Par un mémoire en défense, enregistré le 13 janvier 2023, le préfet du Var conclut au rejet de la requête.
Il soutient qu’aucun des moyens invoqués par le requérant n’est fondé.
M. A a été admis au bénéfice de l’aide juridictionnelle totale par une décision du
3 janvier 2023.
Par une ordonnance du 7 novembre 2022, la clôture de l’instruction a été fixée au
13 janvier 2023 à 12 heures.
Vu les autres pièces du dossier.
Vu :
— le code de l’entrée et du séjour des étrangers et du droit d’asile ;
— le code de justice administrative.
Le président de la formation de jugement a dispensé la rapporteure publique, sur sa proposition, de prononcer des conclusions à l’audience.
Les parties ont été régulièrement averties du jour de l’audience.
Ont été entendus au cours de l’audience publique :
— le rapport de Mme B,
— et les observations de Me Lagardère, représentant M. A.
Considérant ce qui suit :
1. M. A, de nationalité guinéenne, né le 21 novembre 2003 selon l’intéressé, soutient être entré en France en juillet 2020 et avoir été pris en charge par l’aide sociale à l’enfance du Var et suivre une formation « CAP carreleur mosaïste » du 8 février 2021 au 31 août 2023. Il a sollicité un titre de séjour mention « travailleur temporaire », qui a été refusé par arrêté du
13 octobre 2022 du préfet du Var qui l’a également obligé à quitter le territoire français dans un délai de 30 jours et a fixé son pays de renvoi. Par la présente requête, M. A demande l’annulation de cet arrêté.
Sur les conclusions tendant à l’admission provisoire au bénéfice de l’aide juridictionnelle :
2. Aux termes de l’article 20 de la loi du 10 juillet 1991 : « Dans les cas d’urgence, sous réserve de l’appréciation des règles relatives aux commissions ou désignations d’office, l’admission provisoire à l’aide juridictionnelle peut être prononcée soit par le président du bureau ou de la section compétente du bureau d’aide juridictionnelle, soit par la juridiction compétente ou son président ».

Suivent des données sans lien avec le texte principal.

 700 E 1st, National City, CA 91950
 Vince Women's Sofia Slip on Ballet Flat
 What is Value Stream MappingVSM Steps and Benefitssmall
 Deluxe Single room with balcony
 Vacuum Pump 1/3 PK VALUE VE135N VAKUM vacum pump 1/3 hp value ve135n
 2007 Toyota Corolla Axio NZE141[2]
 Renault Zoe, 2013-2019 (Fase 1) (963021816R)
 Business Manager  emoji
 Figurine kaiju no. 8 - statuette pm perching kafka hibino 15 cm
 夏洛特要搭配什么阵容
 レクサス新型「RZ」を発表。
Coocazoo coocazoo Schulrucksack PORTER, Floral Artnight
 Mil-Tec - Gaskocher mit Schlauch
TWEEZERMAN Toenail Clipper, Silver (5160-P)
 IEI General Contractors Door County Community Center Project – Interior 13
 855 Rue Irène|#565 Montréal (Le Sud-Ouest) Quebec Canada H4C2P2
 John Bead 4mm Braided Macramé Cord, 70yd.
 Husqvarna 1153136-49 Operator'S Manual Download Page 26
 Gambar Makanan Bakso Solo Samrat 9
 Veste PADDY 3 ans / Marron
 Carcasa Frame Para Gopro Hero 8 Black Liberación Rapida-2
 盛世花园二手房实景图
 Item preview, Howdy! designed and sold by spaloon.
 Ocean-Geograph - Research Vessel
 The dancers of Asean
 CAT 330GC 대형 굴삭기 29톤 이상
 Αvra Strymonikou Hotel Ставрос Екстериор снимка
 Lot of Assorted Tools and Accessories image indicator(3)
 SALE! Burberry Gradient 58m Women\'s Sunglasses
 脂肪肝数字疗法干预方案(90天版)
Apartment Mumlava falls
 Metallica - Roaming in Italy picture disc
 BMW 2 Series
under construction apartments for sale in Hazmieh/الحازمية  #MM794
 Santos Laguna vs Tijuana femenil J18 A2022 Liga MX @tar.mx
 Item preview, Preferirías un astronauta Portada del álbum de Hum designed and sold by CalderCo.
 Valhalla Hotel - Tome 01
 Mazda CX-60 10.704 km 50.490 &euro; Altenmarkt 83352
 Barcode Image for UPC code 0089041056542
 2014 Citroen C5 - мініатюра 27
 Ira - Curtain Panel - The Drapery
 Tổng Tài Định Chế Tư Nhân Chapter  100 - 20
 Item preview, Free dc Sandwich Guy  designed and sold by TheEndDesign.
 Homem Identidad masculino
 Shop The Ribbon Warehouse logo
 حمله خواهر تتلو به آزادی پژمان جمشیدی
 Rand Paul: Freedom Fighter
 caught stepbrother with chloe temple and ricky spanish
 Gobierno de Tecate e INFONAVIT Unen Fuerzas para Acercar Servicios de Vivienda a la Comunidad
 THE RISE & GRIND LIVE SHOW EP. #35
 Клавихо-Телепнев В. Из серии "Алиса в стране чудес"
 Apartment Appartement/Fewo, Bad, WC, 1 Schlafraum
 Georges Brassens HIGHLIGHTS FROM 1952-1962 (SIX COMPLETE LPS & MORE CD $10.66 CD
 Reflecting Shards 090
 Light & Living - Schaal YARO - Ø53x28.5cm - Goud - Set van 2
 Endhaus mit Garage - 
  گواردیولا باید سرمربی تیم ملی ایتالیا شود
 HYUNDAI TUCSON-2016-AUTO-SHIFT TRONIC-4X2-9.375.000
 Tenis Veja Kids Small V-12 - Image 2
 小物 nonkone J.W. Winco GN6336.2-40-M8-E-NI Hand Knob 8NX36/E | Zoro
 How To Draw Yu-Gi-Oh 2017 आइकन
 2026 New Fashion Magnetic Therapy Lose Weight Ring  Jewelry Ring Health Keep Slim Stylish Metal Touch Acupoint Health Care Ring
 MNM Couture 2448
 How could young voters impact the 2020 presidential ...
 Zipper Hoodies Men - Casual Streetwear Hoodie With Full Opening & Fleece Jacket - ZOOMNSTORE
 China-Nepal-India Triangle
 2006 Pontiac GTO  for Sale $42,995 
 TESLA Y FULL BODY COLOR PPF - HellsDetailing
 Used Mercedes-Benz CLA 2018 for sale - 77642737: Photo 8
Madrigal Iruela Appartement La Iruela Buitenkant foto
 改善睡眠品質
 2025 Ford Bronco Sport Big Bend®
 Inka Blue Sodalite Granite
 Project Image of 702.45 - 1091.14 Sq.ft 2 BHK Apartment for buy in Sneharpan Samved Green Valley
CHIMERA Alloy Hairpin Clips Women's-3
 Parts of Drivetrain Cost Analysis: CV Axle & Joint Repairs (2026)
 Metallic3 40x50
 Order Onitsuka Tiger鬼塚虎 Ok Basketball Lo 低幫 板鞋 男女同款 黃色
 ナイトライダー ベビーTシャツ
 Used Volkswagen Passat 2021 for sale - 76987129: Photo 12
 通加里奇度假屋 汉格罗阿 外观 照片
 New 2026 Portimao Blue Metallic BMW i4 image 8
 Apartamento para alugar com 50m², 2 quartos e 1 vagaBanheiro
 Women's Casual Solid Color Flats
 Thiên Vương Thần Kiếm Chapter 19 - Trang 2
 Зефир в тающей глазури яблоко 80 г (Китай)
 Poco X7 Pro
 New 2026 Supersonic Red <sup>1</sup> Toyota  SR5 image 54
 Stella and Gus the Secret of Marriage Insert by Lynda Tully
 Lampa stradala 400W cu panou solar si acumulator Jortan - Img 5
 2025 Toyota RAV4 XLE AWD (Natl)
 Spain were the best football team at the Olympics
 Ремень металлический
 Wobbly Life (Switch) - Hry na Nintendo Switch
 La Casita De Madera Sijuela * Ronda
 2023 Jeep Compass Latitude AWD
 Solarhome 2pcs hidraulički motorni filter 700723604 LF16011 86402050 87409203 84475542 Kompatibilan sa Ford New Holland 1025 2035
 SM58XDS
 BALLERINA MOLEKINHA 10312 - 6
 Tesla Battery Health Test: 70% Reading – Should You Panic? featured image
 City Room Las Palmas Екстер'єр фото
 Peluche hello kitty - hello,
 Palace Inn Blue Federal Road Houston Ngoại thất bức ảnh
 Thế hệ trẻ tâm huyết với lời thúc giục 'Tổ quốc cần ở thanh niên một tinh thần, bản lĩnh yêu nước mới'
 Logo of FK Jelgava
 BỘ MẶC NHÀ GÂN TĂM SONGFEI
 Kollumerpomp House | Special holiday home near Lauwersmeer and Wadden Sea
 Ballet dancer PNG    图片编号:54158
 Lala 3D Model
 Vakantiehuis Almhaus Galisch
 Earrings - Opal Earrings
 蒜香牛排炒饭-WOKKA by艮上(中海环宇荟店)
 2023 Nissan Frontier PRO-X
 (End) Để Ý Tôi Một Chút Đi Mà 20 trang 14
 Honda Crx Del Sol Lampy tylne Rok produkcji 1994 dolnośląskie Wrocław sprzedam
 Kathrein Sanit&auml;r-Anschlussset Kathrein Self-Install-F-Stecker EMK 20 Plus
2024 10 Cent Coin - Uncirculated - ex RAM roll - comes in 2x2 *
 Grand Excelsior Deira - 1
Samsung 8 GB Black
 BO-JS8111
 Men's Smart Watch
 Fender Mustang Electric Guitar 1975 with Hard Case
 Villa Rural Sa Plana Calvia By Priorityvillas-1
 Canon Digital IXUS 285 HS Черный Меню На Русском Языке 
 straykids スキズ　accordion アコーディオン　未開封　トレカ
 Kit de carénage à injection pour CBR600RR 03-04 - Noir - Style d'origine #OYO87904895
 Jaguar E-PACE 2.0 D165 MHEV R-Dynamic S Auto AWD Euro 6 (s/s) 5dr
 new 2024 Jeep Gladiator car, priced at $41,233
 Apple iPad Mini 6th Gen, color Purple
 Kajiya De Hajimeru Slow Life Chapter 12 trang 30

3. M. A a été admis au bénéfice de l’aide juridictionnelle par une décision du
3 janvier 2023. Il n’y a donc pas lieu de statuer sur sa demande d’aide juridictionnelle provisoire.
Sur les conclusions à fin d’annulation :
4. D’une part, aux termes de l’article L. 111-6 du code de l’entrée et du séjour des étrangers et du droit d’asile : « La vérification de tout acte d’état civil étranger est effectuée dans les conditions définies par l’article 47 du code civil. ». L’article 47 du code civil précise que : « Tout acte de l’état civil des Français et des étrangers fait en pays étranger et rédigé dans les formes usitées dans ce pays fait foi, sauf si d’autres actes ou pièces détenus, des données extérieures ou des éléments tirés de l’acte lui-même établissent, le cas échéant après toutes vérifications utiles, que cet acte est irrégulier, falsifié ou que les faits qui y sont déclarés ne correspondent pas à la réalité. ».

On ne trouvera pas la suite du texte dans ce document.